→ **SOURCE MATERIAL**:
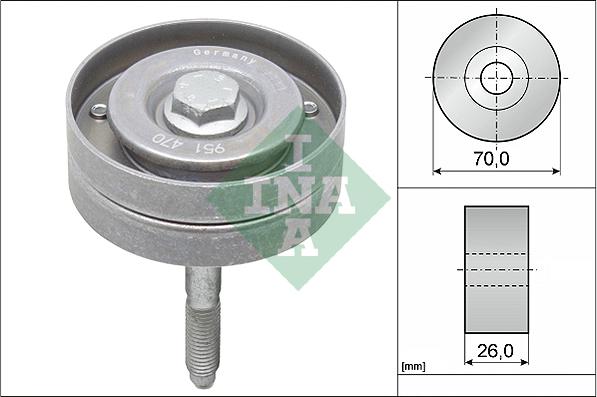 INA 532 0596 10 - Deflection / Guide Pulley, v-ribbed belt www.parts5.com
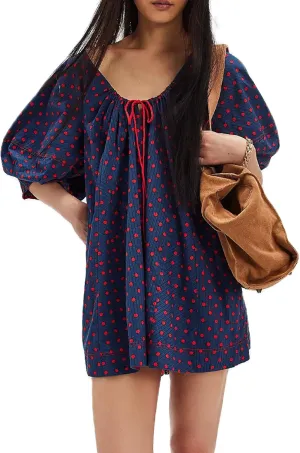 Women Floral Puff Short Sleeve Mini Dress Cute Boho Loose Fit Short Dresses Casual A Line Beach Vocation Sun Dress
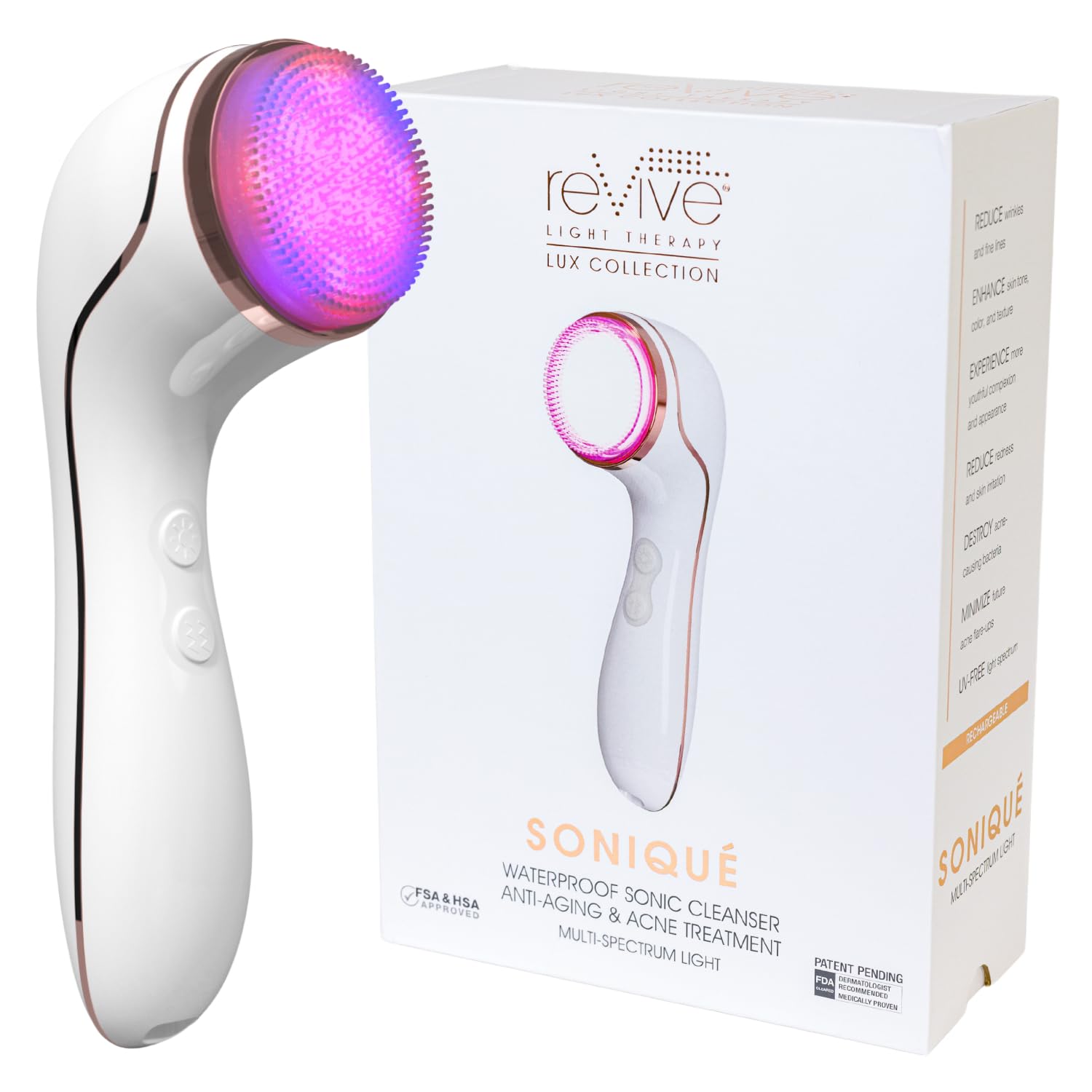 LED Technologies Lux Collection Soniqué Sonic Facial Cleansing Brush with Red & Blue Light Therapy, Reduces Appearance of Acne & Wrinkles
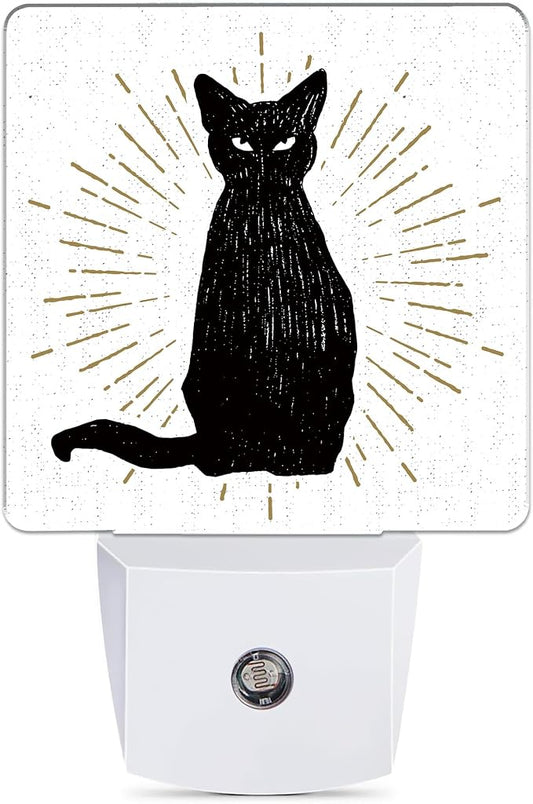 Black Cat Night Light, Cute Pet Night Lights Plug into Wall Decorations for Bedroom, Bathroom, Hallway, Kitchen, Dusk to Dawn Sensor Nightlights for Boys Girls Women Men Room Gifts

→ **EXERCISE DETAILS**: Output nothing but the lines from the one containing "LED Technologies Lux" to the end of the listing, both ends included, reproduced exactly. Pictures stay out.

→ **YOUR RESPONSE**:
 LED Technologies Lux Collection Soniqué Sonic Facial Cleansing Brush with Red & Blue Light Therapy, Reduces Appearance of Acne & Wrinkles
 Black Cat Night Light, Cute Pet Night Lights Plug into Wall Decorations for Bedroom, Bathroom, Hallway, Kitchen, Dusk to Dawn Sensor Nightlights for Boys Girls Women Men Room Gifts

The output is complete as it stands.